Peyton Manning's namesake readies for deployment in Camden

A yellow Labrador and his female handler detect drugs and spread goodwill for Camden department

K-9 Police
Camden K-9 Scott Anderson/Camden County Police Department

Detective Gabrielle Camacho, with her partner, Peyton at the headquarters of the Camden County Police. She and Peyton will be first when deployed in mid-June. She is the first woman in the K-9 unit. Peyton is the first Labrador retriever.

The first Labrador retriever assigned to Camden’s K-9 unit hits the streets of Camden in mid-June, with the dual objectives of sniffing out narcotics and spreading goodwill.

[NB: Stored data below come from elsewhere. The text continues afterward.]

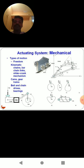Mechanical activating systems provide motion based on various elements. The types of motion may be provided based on degrees of freedom, constructed from kinematic chains, bar chain links, slider crank mechanism, cam actuations, gear and drive mechanisms, belt and chain drive mechanisms, and bearing motions.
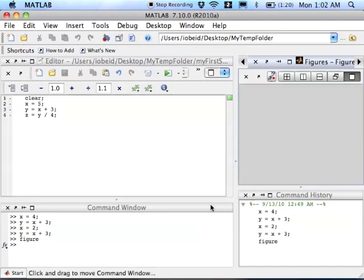And that's the last window is the figure window. So that concludes the first video. And in the next video, I'll show you some basic plotting.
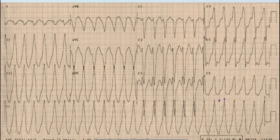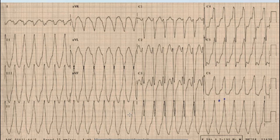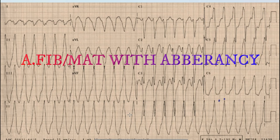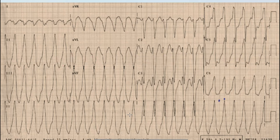In the case of a broad complex tachycardia, the next question you should ask is whether this is a regular or irregular broad complex tachycardia. If the broad complex tachycardia is irregular, it would mean atrial fibrillation or multifocal atrial tachycardia with aberrancy.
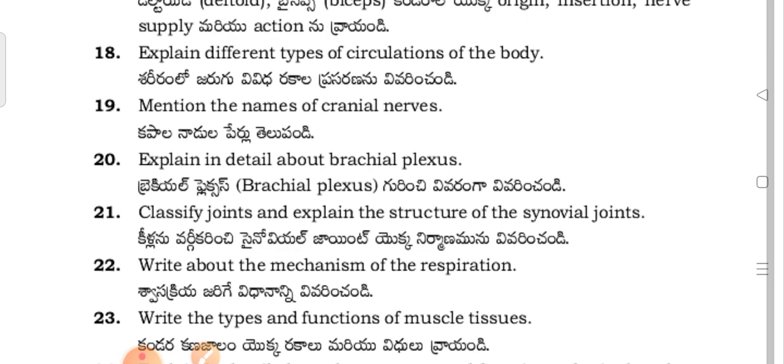Don't expect too many choices. In Section A, you have 10 questions and you have to attempt all. In Section B, there will be eight questions and you have to write five. This is the model question paper for physiotherapy first years in Anatomy and Physiology in the state of Telangana. Thanks for watching my channel — have a nice day, all the best!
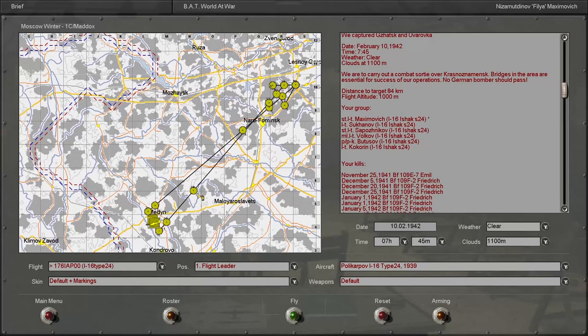Hello everyone and welcome back to the next mission in our IL-2 Sturmovik 1946 Iron Man series here with the Soviet Union.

Detective Gabrielle Camacho, 23, the first woman in the unit, named her dog Peyton, after star quarterback Peyton Manning.

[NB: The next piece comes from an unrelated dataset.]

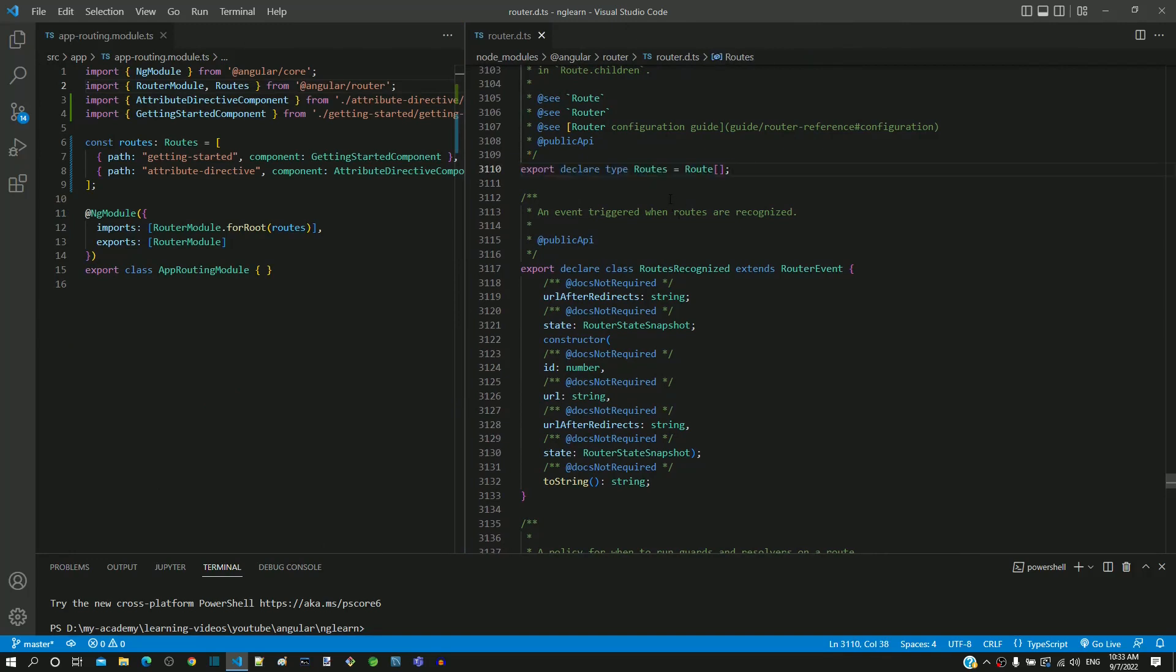From the earlier videos, we already know that this file also contains the definition of router-module and router-outlet.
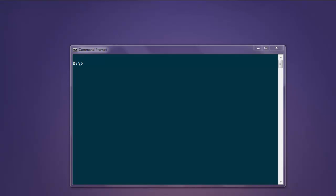Hi there, so in this video we are going to see some of the most common connection commands for Redis database. First thing, open command prompt and type in redis-cli.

Camacho joined the Camden County Police Department, which patrols the city of Camden, two years ago.

Being a cop and having a dog as her partner are just part of who she is as a person.

Camacho grew up in adjoining Pennsauken in South Jersey, watching her dad go off to work as a police officer in Camden. 

So blue is in her blood.

But dogs are imprinted on her soul.

“I love dogs. I’ve always had a dog. I had three before Peyton, so now I have four. It’s a cool thing having a dog as a partner,” she said.

At 18 months, Peyton is like a rambunctious and happy-go-lucky teenage boy. He is intently focused on his partner and has a friendly personality, less guarded than some of the shepherd dogs already in the K-9 unit.

Peyton is so prone to whipping his long tail when happy that he’s cut it. For now, his tail is covered in a layer of protective tape.

That wonderful personality is why he’ll do lots of community outreach events in Camden, explained Camacho.

A hunting breed, Peyton’s other strong suit is his nose. Camacho said he’s been certified as a narcotics detecting dog.

Meeting reporters in the department’s headquarters, she could tell he was tugging at her, excited because they were near the evidence room.

The American Humane Society has donated body armor dog vests to the department, which would have cost $2,100 for each of the unit’s eight dogs.

Camacho shrugged off being touted as the department’s first female K-9 handler.

“At the end of the day, it doesn’t matter if you are a male or a female. We’re all here to do the same job,” she said.